▶ Your instructions
Look below for the line containing "11 شقة للبيع" and the line containing "Jordan Brand Jordan", then set down both and every line between them exactly, without pictures.

Start of Supplied records

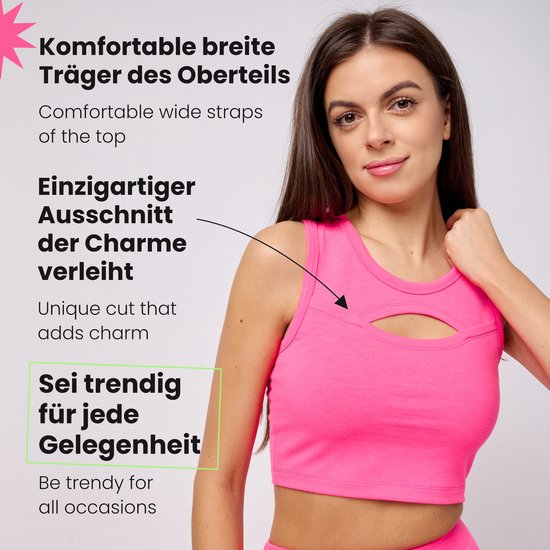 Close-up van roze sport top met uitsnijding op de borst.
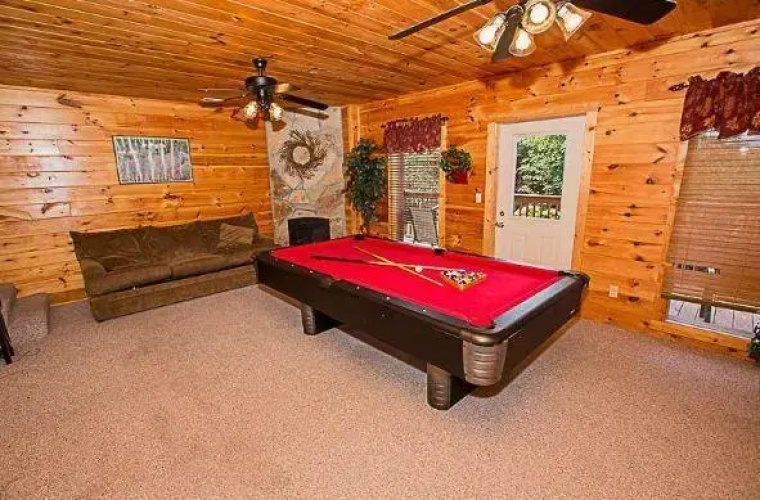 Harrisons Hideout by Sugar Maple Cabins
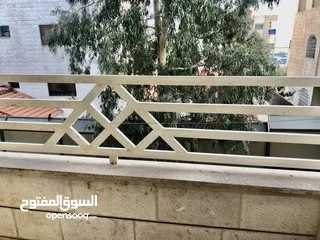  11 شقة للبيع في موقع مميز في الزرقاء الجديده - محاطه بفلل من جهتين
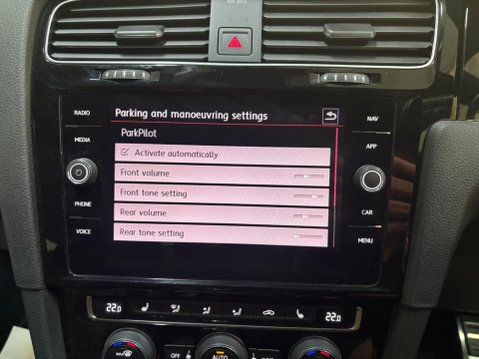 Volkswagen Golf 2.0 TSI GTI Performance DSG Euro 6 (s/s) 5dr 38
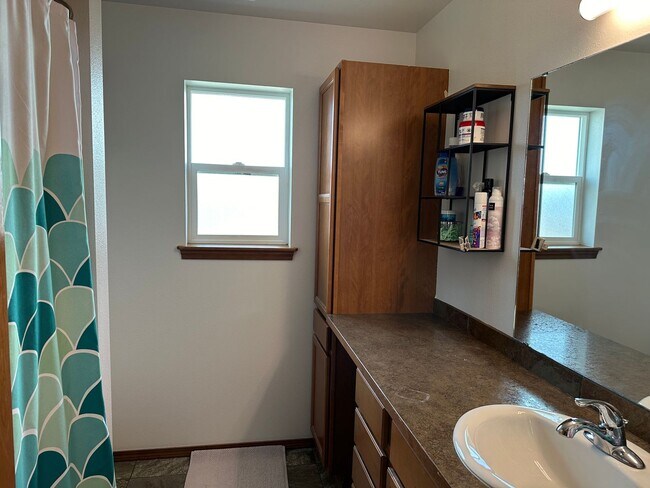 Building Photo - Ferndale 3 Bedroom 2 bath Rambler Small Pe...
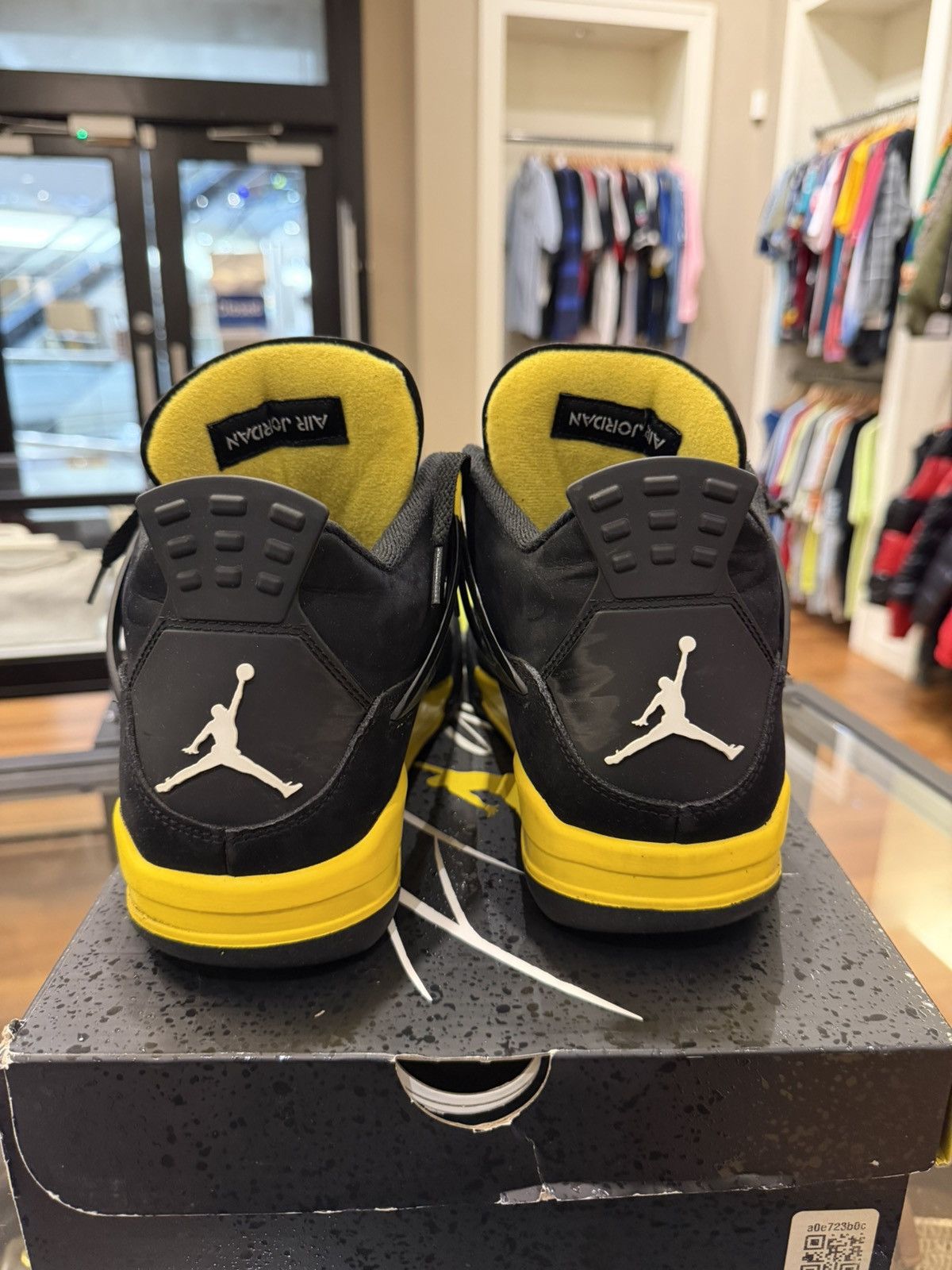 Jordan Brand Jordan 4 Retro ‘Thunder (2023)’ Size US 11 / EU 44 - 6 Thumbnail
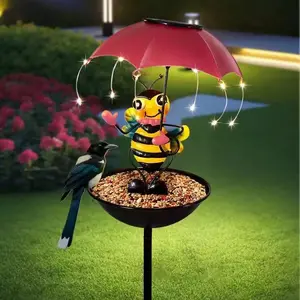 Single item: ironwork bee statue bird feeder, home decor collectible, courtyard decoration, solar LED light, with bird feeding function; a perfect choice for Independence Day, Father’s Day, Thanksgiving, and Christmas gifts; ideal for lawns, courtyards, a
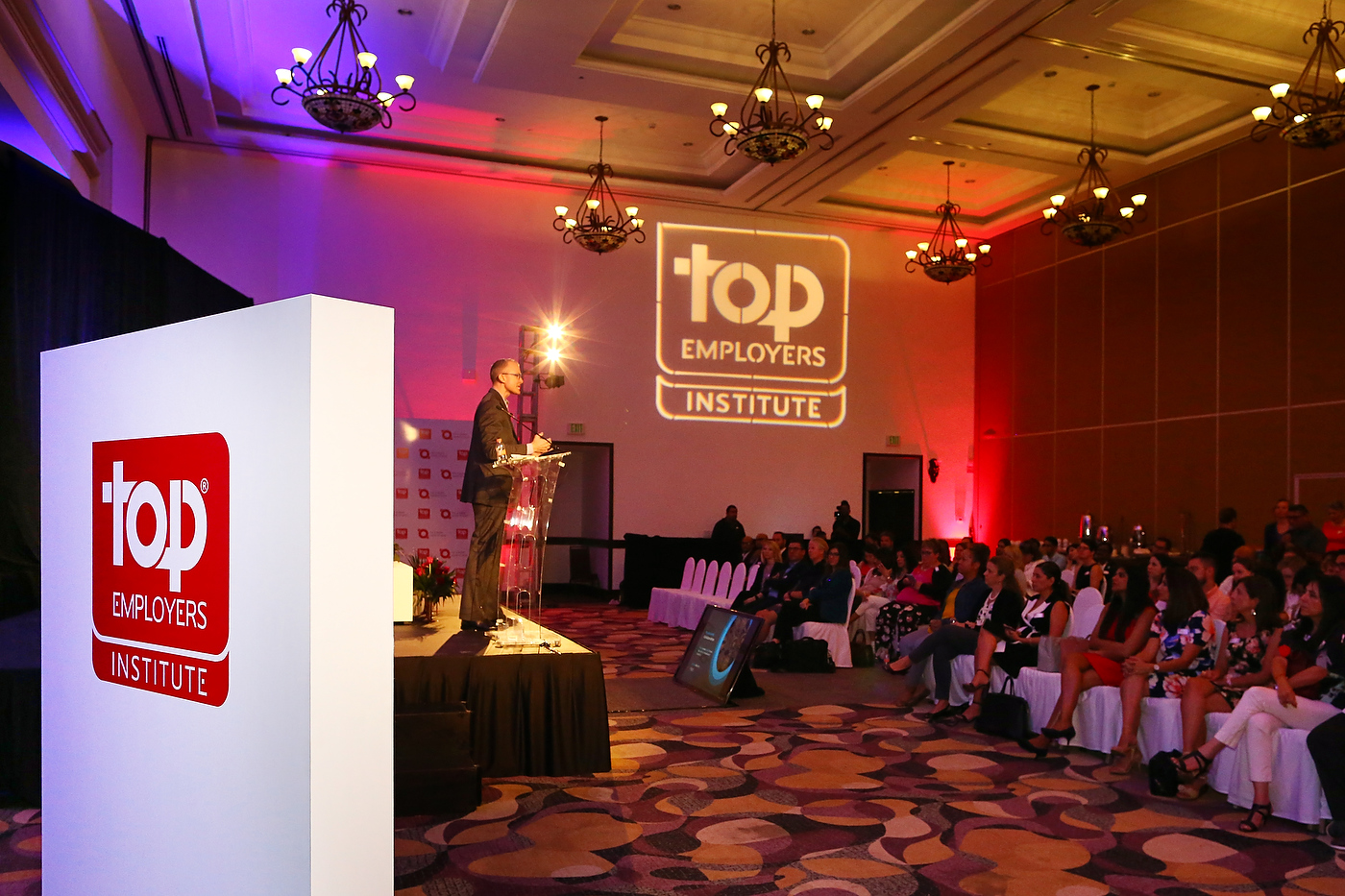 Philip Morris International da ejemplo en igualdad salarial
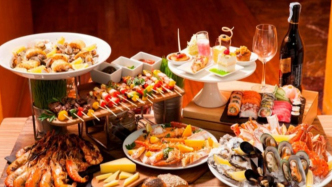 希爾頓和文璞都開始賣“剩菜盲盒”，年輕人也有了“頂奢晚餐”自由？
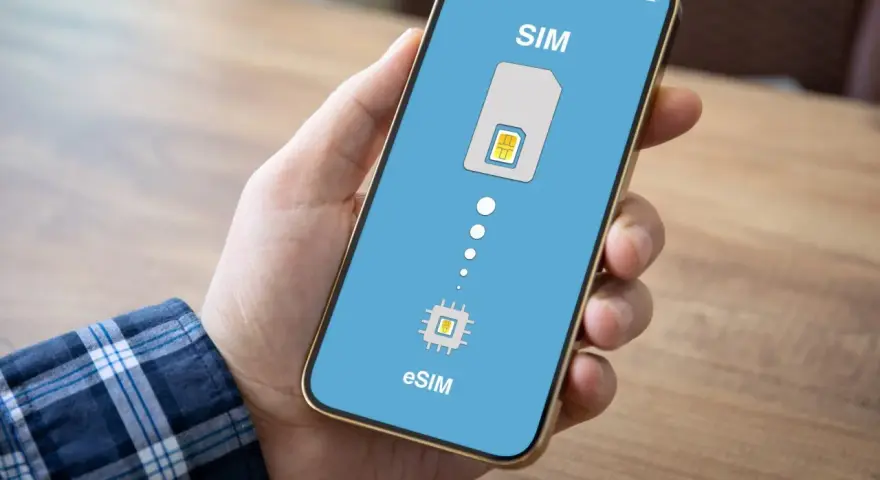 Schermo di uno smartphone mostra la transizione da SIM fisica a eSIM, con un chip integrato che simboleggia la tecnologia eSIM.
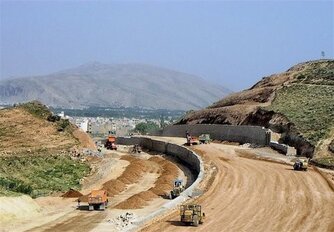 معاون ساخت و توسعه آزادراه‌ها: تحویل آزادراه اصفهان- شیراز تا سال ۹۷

End of Supplied records

▶ Answer to the exercise
  11 شقة للبيع في موقع مميز في الزرقاء الجديده - محاطه بفلل من جهتين
 Volkswagen Golf 2.0 TSI GTI Performance DSG Euro 6 (s/s) 5dr 38
 Building Photo - Ferndale 3 Bedroom 2 bath Rambler Small Pe...
 Jordan Brand Jordan 4 Retro ‘Thunder (2023)’ Size US 11 / EU 44 - 6 Thumbnail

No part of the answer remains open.